Directions for this task: Your answer must be only the lines below from the one containing "BORSA A SPALLA CON DETTAGLIO OCCHIELLI" through the one containing "Çevreci çocuktan Orman", copied exactly, with the pictures left out.

Extracted material:
'''

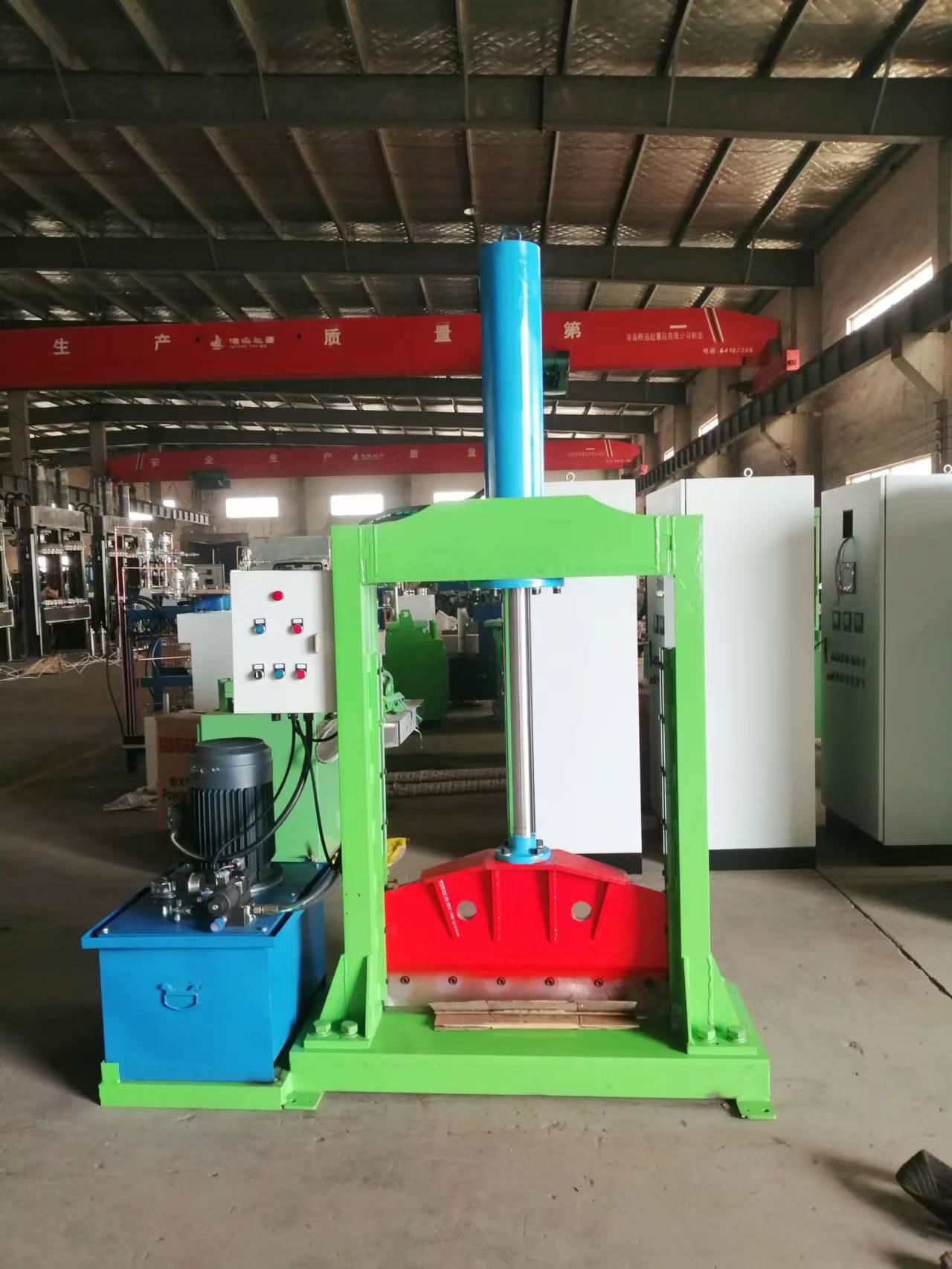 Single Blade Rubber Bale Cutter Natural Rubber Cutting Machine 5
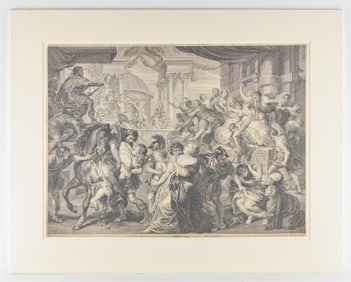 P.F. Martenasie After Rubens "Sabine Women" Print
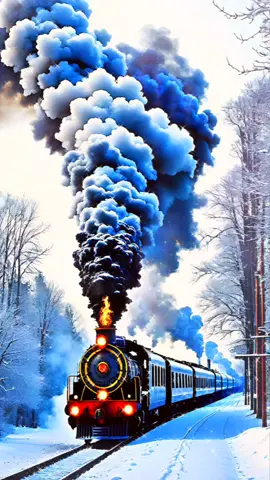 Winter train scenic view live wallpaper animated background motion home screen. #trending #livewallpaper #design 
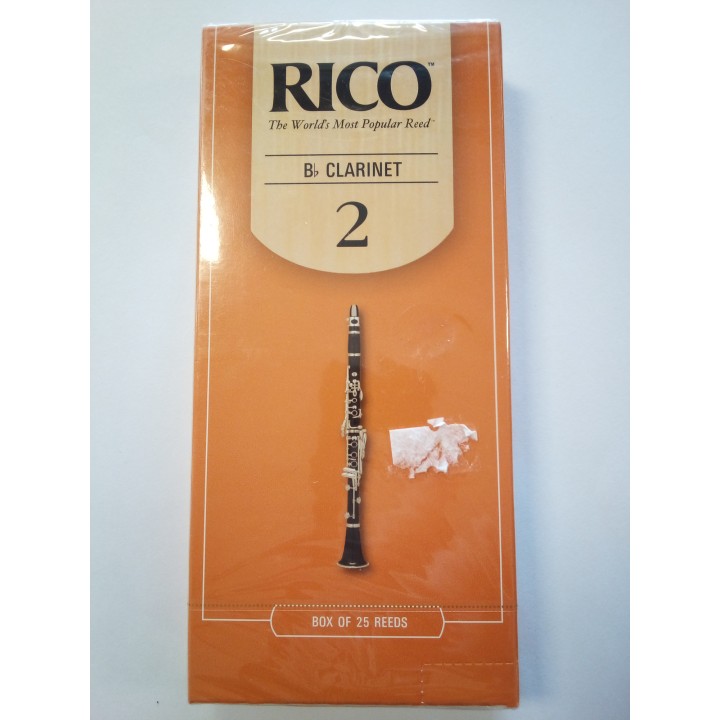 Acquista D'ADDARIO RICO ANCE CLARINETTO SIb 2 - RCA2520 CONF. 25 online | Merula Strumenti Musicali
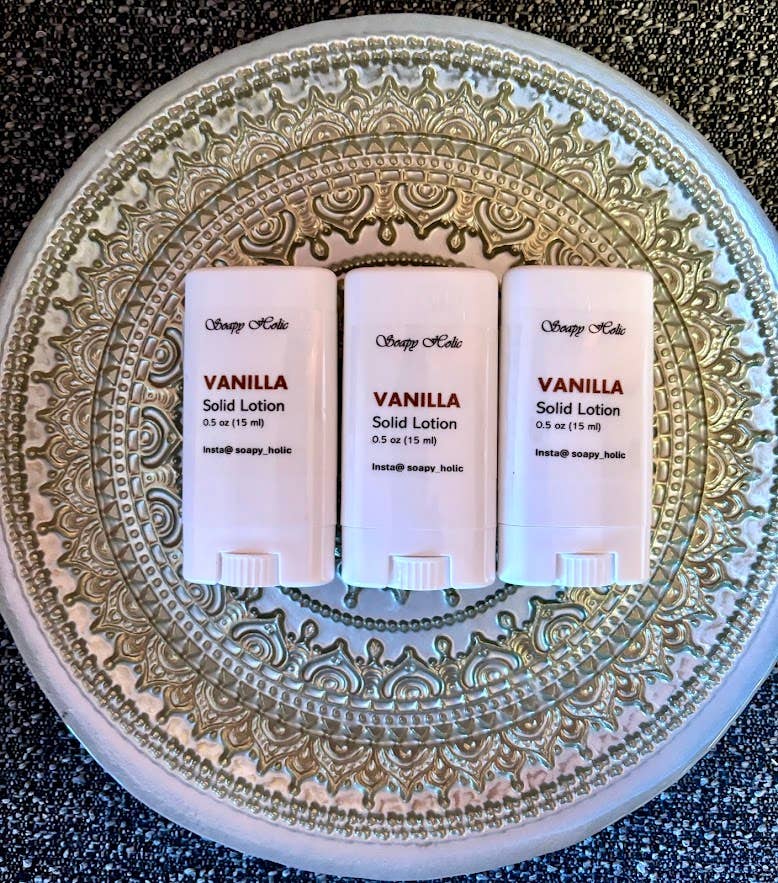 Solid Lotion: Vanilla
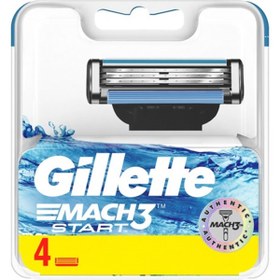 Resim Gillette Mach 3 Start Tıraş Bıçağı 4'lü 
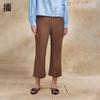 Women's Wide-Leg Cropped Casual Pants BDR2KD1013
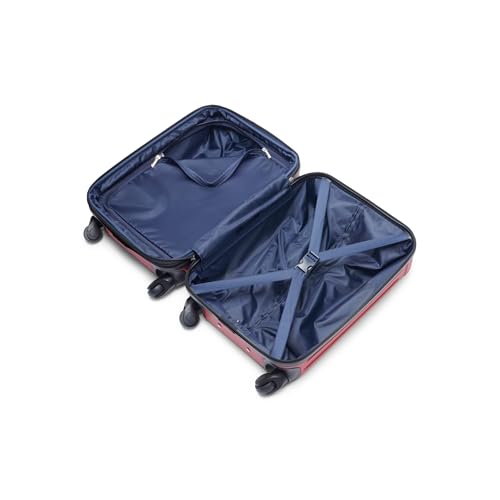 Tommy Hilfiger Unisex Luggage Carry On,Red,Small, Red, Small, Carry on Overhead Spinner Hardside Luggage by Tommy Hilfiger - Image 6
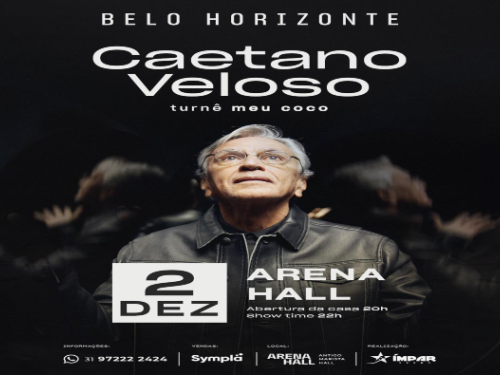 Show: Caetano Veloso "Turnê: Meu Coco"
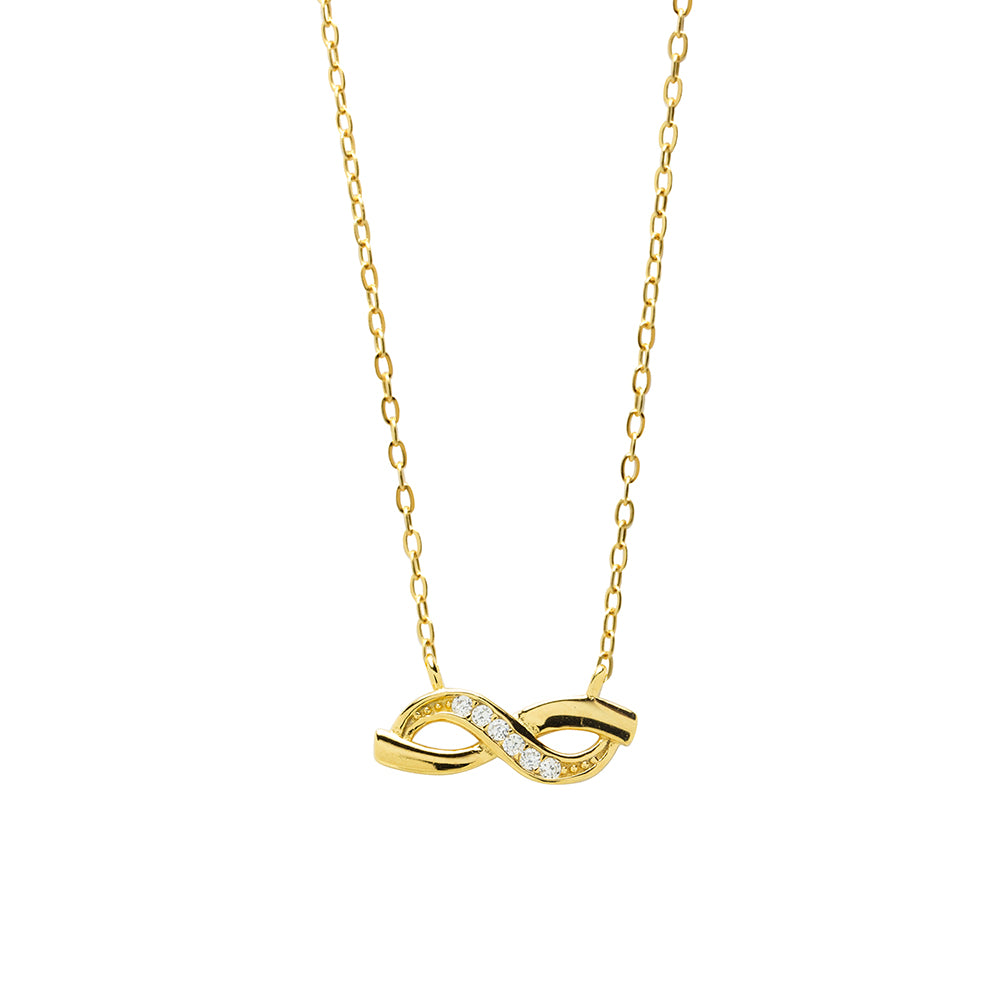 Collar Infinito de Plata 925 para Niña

'''
'''

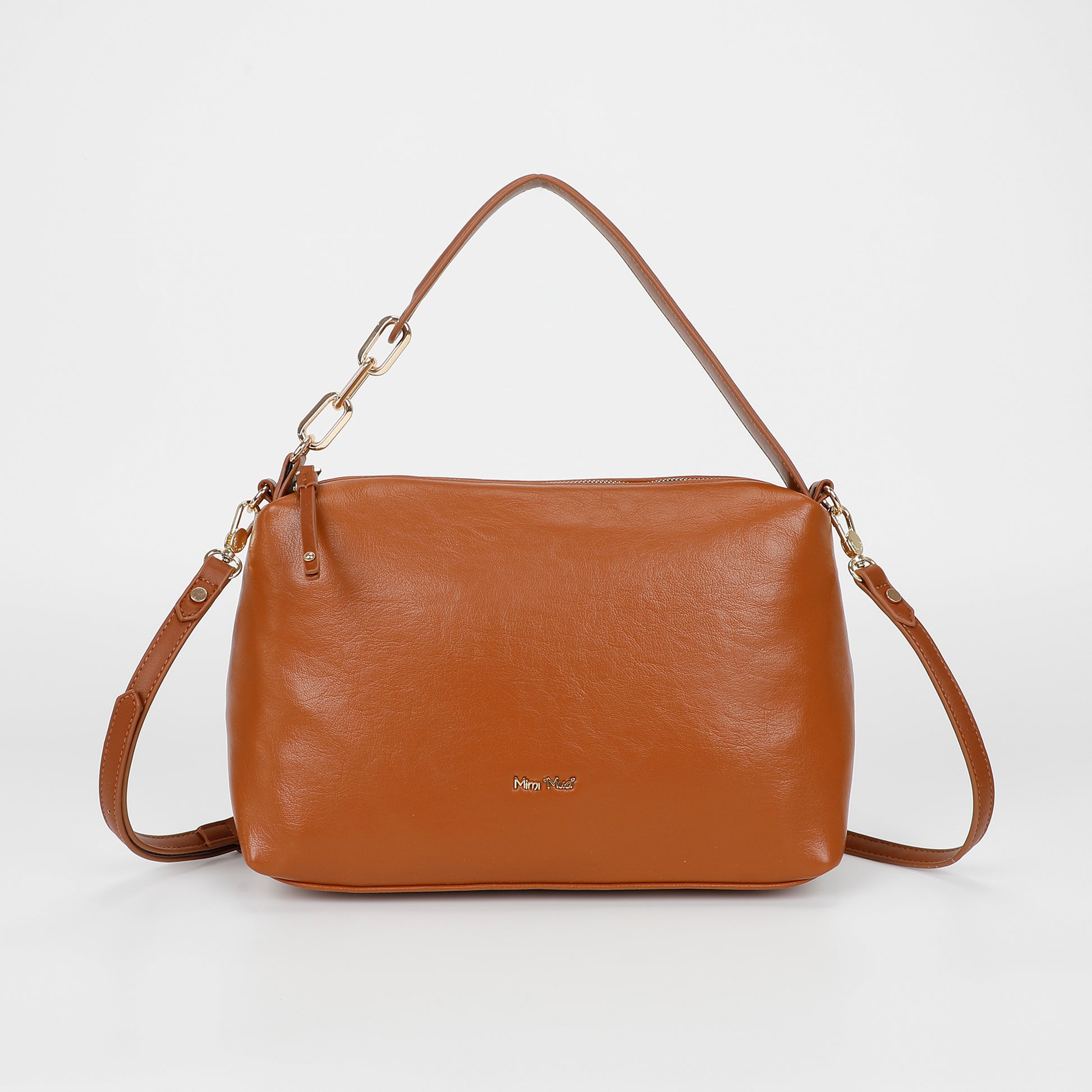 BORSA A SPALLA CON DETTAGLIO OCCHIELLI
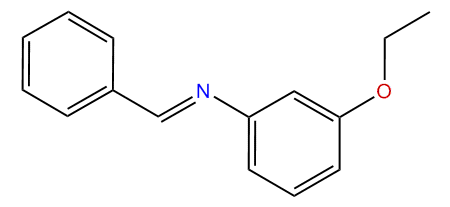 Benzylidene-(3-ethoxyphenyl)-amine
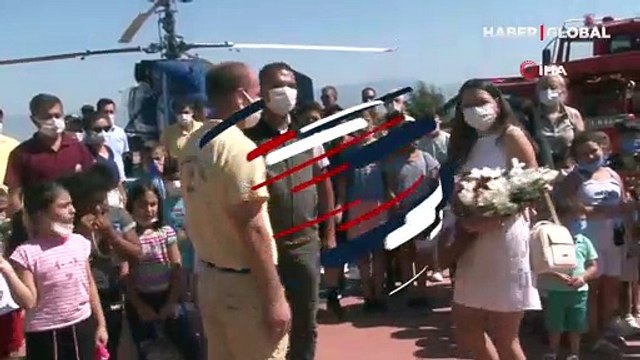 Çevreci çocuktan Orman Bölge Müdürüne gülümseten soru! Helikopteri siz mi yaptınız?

'''
'''

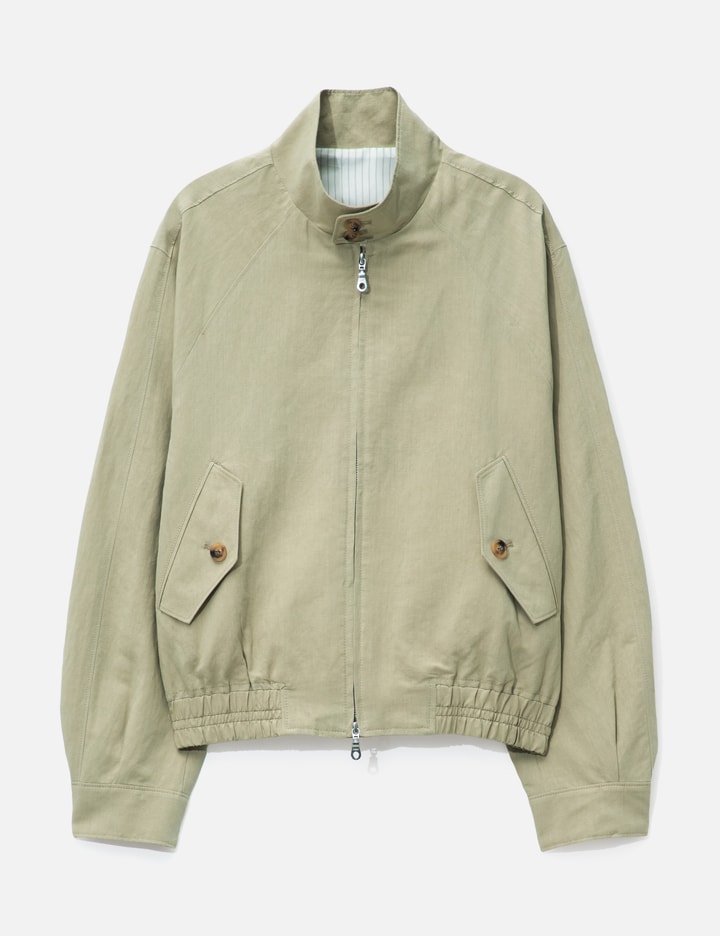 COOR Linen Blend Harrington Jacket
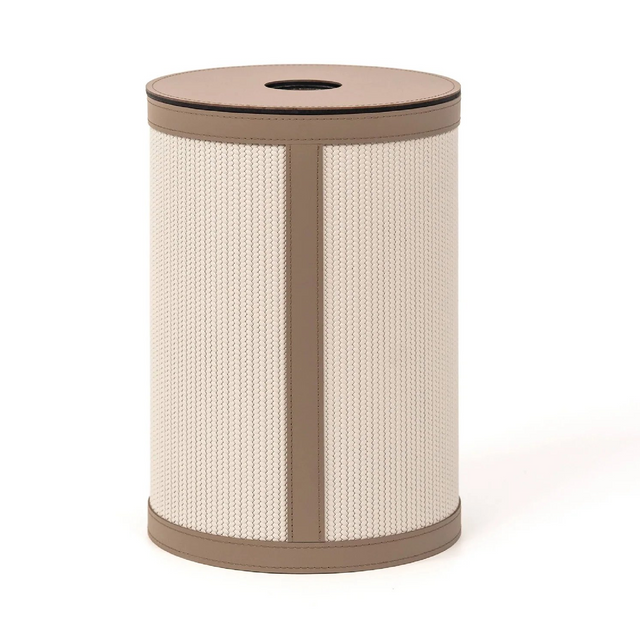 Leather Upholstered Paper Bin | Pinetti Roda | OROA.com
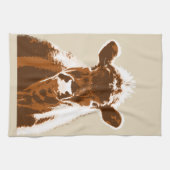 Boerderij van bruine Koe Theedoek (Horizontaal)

'''

Solution to the exercise:
 BORSA A SPALLA CON DETTAGLIO OCCHIELLI
 Benzylidene-(3-ethoxyphenyl)-amine
 Çevreci çocuktan Orman Bölge Müdürüne gülümseten soru! Helikopteri siz mi yaptınız?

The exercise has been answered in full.